This repo is about paper "Efficient Trajectory Similarity Computation with Contrastive Learning".
- Ubuntu OS
- python >= 3.6 (Anaconda3 is recommended)
- Pytorch >= 1.5.0 (Tested on 1.5.0)
- transformers >= 2.9.0 (Tested on 2.9.0)
- dataclasses >= 0.7 (Tested on 0.7)
We follow t2vec (https://github.com/boathit/t2vec) to do the pre-processing.
Specifically, you should download the codes of t2vec firstly. After that, you should change the working directory to t2vec. Then for the Porto dataset, you can do as follows.
$ curl http://archive.ics.uci.edu/ml/machine-learning-databases/00339/train.csv.zip -o data/porto.csv.zip
$ unzip data/porto.csv.zip
$ mv train.csv data/porto.csv
$ cd preprocessing
$ julia porto2h5.jl
$ julia preprocess.jl
After pre-processing, you can get the training data (i.e., train.trg and train.src) in the data directory of t2vec.

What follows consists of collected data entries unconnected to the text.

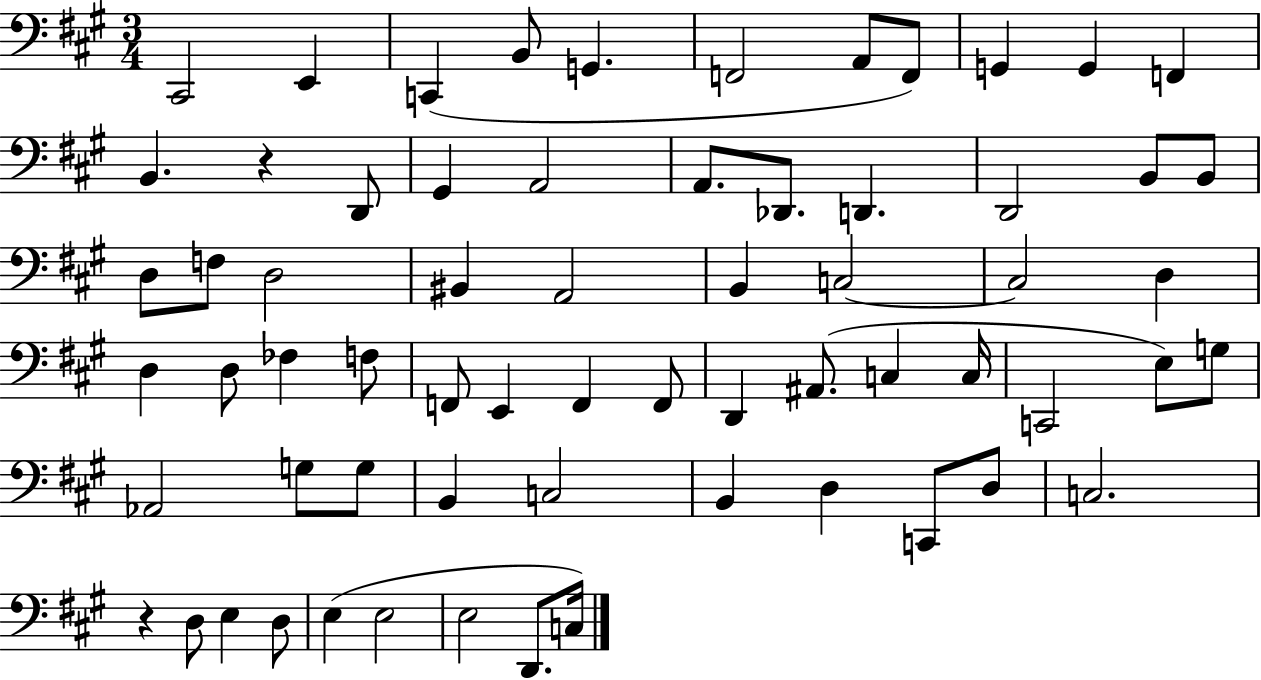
X:1
T:Untitled
M:3/4
L:1/4
K:A
^C,,2 E,, C,, B,,/2 G,, F,,2 A,,/2 F,,/2 G,, G,, F,, B,, z D,,/2 ^G,, A,,2 A,,/2 _D,,/2 D,, D,,2 B,,/2 B,,/2 D,/2 F,/2 D,2 ^B,, A,,2 B,, C,2 C,2 D, D, D,/2 _F, F,/2 F,,/2 E,, F,, F,,/2 D,, ^A,,/2 C, C,/4 C,,2 E,/2 G,/2 _A,,2 G,/2 G,/2 B,, C,2 B,, D, C,,/2 D,/2 C,2 z D,/2 E, D,/2 E, E,2 E,2 D,,/2 C,/4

To pre-train the representations of grids, you should run "grids_pretraining.py" in this repo.
P.S. you should change the value of variables (i.e., dataset_dir and vec_dir) in "grids_pretraining.py", in which dataset_dir is the directory of training data and vec_dir is to saving trained representations.

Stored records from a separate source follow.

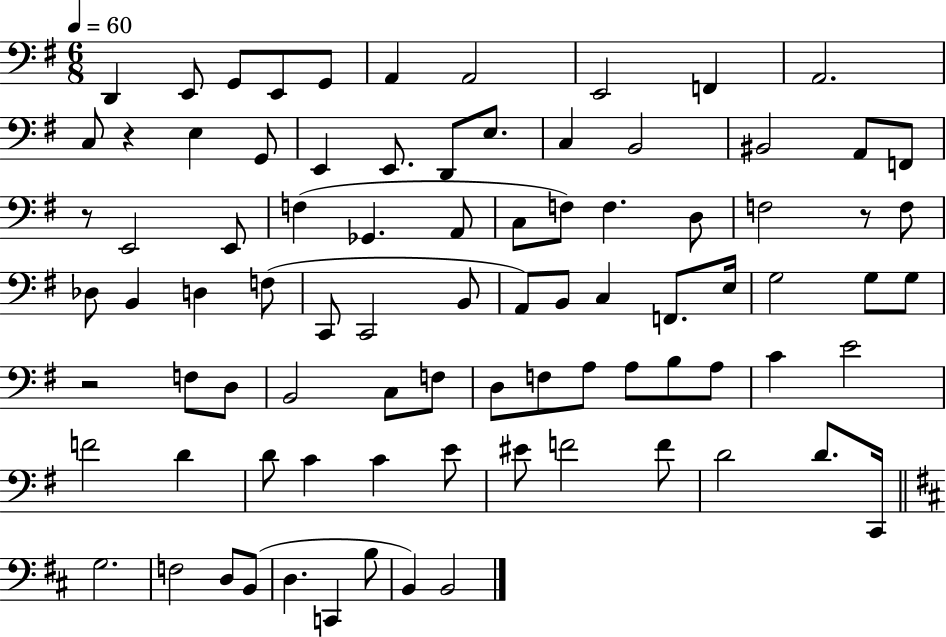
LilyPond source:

{
  \clef bass
  \numericTimeSignature
  \time 6/8
  \key g \major
  \tempo 4 = 60
  \repeat volta 2 { d,4 e,8 g,8 e,8 g,8 | a,4 a,2 | e,2 f,4 | a,2. | \break c8 r4 e4 g,8 | e,4 e,8. d,8 e8. | c4 b,2 | bis,2 a,8 f,8 | \break r8 e,2 e,8 | f4( ges,4. a,8 | c8 f8) f4. d8 | f2 r8 f8 | \break des8 b,4 d4 f8( | c,8 c,2 b,8 | a,8) b,8 c4 f,8. e16 | g2 g8 g8 | \break r2 f8 d8 | b,2 c8 f8 | d8 f8 a8 a8 b8 a8 | c'4 e'2 | \break f'2 d'4 | d'8 c'4 c'4 e'8 | eis'8 f'2 f'8 | d'2 d'8. c,16 | \break \bar "||" \break \key b \minor g2. | f2 d8 b,8( | d4. c,4 b8 | b,4) b,2 | \break } \bar "|."
}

To train CL-TSim, you should change the value of variable (i.e., datadir and cell_embedding) in "config.py", where datadir is the directory of training data and cell_embedding is the path of pre-trained representations. Then you can train CL-TSim as follows.
python main.py
After training is done (around 1 hour by using GeForce GTX 1080 Ti), you can see the trained model in "log" directory.
To reproduce the results stated in our paper, you can apply the following steps.
Similar to Pre-processing part, we follow t2vec to generate data for self-similairty and cross-similairty.
Specifically, you should step into experiment directory (of this repo) firstly, and then run the julia scripts as follows.
julia exp1_dataproducer.jl
julia exp1_baseline_dataproducer.jl
julia exp2_dataproducer.jl
julia exp2_baseline_dataproducer.jl
julia exp3_dataproducer.jl
julia exp3_baseline_dataproducer.jl
where "exp1" refers to The effect of database size, and "exp2" and "exp3" refer to Robustness (other experiments are also based on these data).
To evaluate the performance of the trained model, you can generate the representations of trajectories in test set that are generated by above part. Then you run the corresponding evaluation script.
For example, if you want to reproduce the results of "The effect of database size", you should do as follows.
python exp1_output_traj_vectors.py # In which, you should set the directories of the trained model and the test set, and the directory for saving representations of trajectories
python exp1_evaluate.py # In which, you should set the directory that contains the representations of trajectories
where the first step is used to generate representations of trajectories in test set, and the second step is used the generated representations to do self-similarity experiment.